# Records supplied
:::

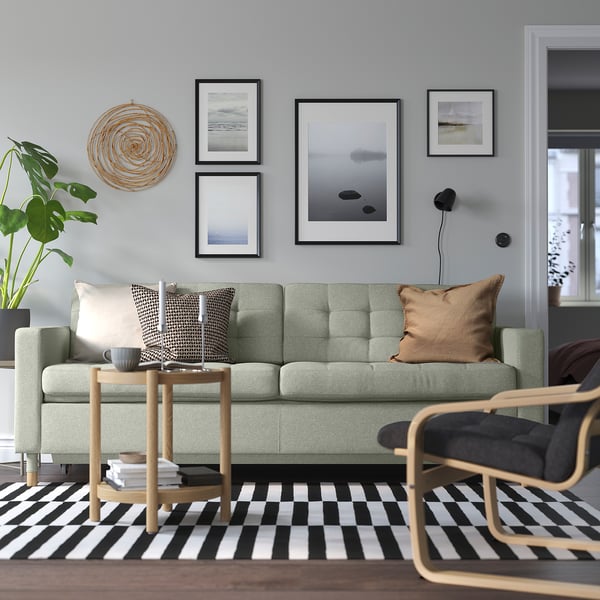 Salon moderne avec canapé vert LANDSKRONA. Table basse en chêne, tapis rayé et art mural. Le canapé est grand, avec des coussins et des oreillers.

:::

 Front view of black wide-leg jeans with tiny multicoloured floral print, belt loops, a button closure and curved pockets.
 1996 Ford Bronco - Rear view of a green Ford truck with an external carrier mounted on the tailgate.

:::

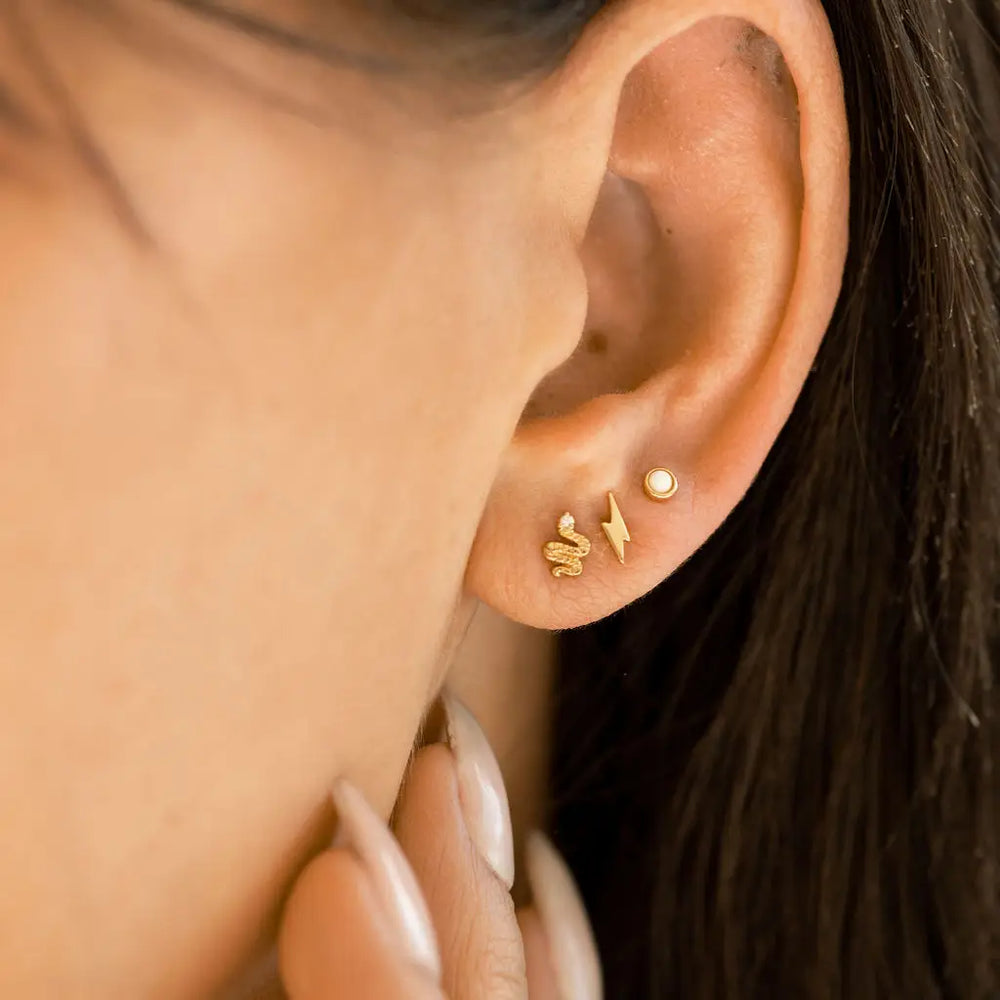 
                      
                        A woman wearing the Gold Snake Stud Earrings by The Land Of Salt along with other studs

:::

# Activity
If a line in the data above holds the string "with", copy it.

# Task result
 Front view of black wide-leg jeans with tiny multicoloured floral print, belt loops, a button closure and curved pockets.
 1996 Ford Bronco - Rear view of a green Ford truck with an external carrier mounted on the tailgate.
                        A woman wearing the Gold Snake Stud Earrings by The Land Of Salt along with other studs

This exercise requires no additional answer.